_INPUT FOR THIS TASK_.
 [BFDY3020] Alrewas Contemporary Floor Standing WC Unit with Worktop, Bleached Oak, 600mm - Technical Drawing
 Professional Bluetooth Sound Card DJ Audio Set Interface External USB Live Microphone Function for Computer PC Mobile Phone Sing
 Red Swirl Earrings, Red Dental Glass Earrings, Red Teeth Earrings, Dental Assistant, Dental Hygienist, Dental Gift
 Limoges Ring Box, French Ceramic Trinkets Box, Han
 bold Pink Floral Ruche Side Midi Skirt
==
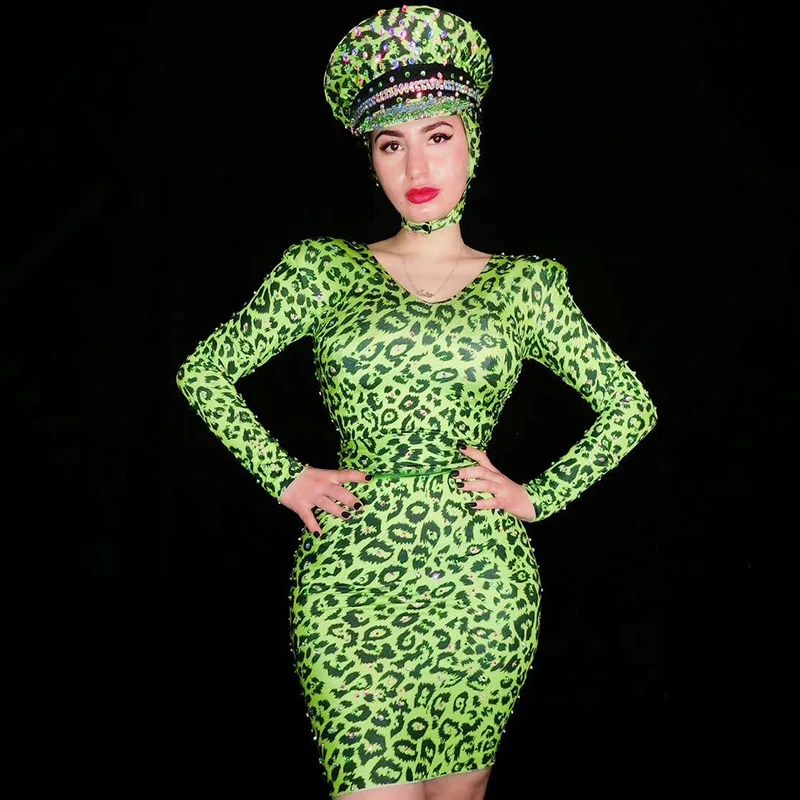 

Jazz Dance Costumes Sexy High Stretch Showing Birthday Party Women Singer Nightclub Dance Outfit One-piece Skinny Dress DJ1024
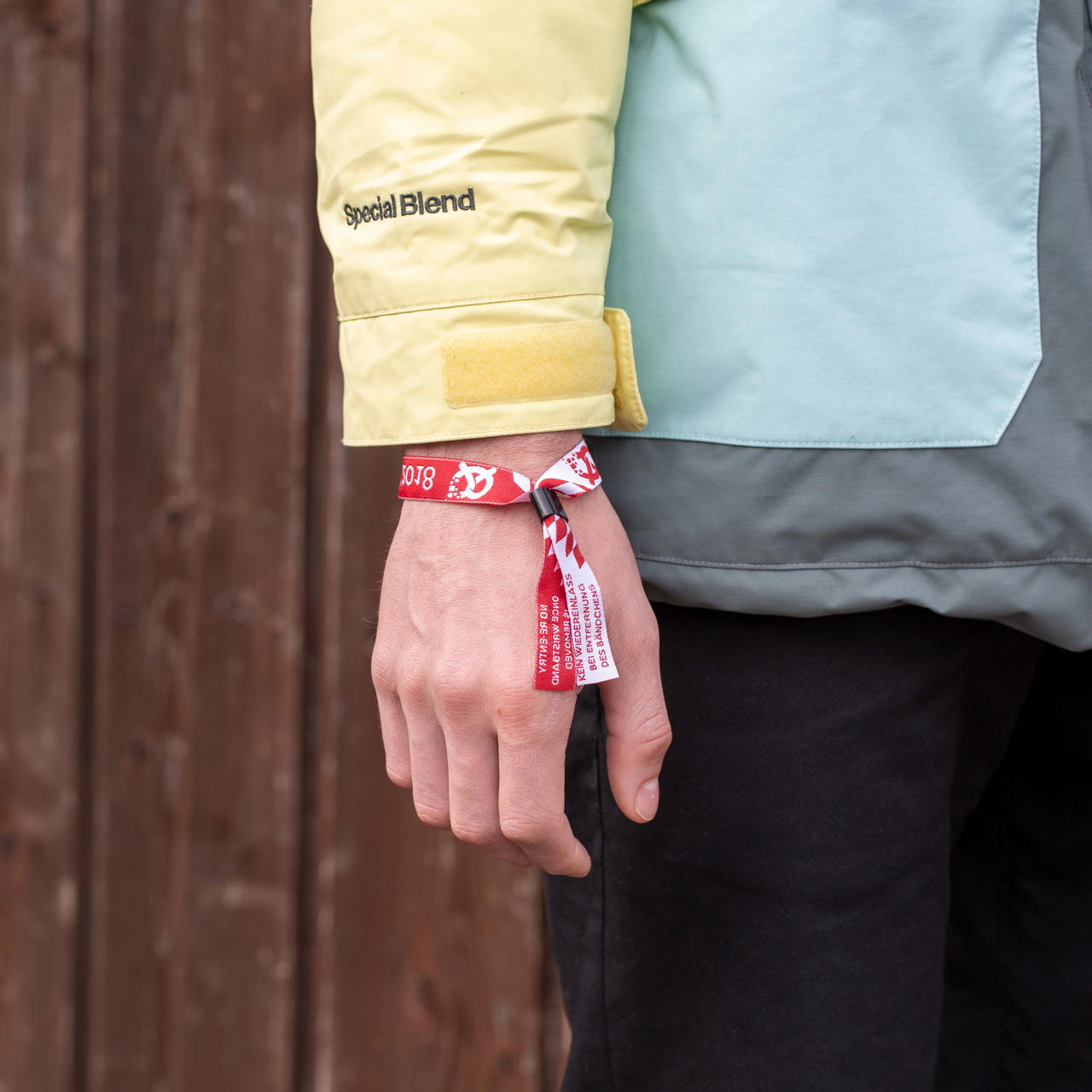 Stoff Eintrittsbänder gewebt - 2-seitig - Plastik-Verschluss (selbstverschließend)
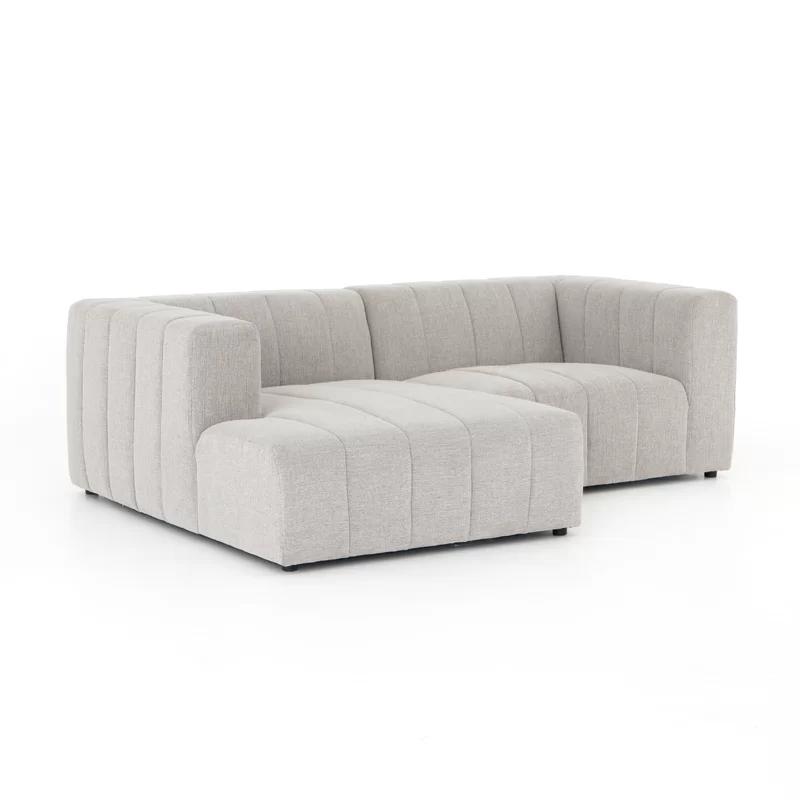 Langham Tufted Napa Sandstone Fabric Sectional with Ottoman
--
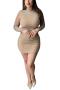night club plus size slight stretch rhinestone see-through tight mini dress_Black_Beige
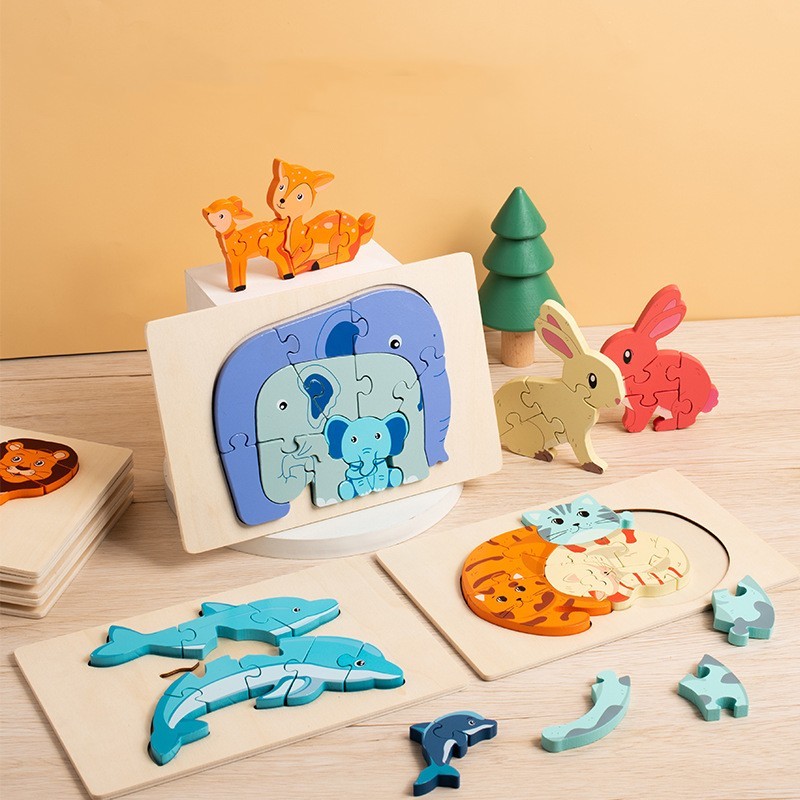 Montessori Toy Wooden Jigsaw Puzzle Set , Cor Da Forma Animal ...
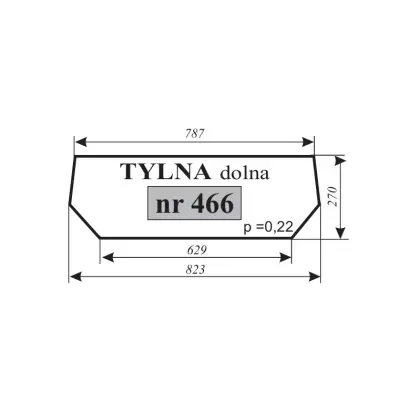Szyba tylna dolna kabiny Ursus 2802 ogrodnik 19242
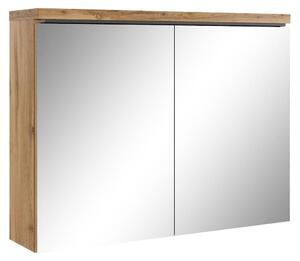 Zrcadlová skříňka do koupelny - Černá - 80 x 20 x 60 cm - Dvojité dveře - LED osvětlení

_WHAT IS NEEDED_. Return exactly the lines above from the line that has "Professional Bluetooth Sound" through the line that has "bold Pink Floral Ruche Side Midi Skirt", inclusive, and nothing else.

_SOLUTION TO THE EXERCISE_.
 Professional Bluetooth Sound Card DJ Audio Set Interface External USB Live Microphone Function for Computer PC Mobile Phone Sing
 Red Swirl Earrings, Red Dental Glass Earrings, Red Teeth Earrings, Dental Assistant, Dental Hygienist, Dental Gift
 Limoges Ring Box, French Ceramic Trinkets Box, Han
 bold Pink Floral Ruche Side Midi Skirt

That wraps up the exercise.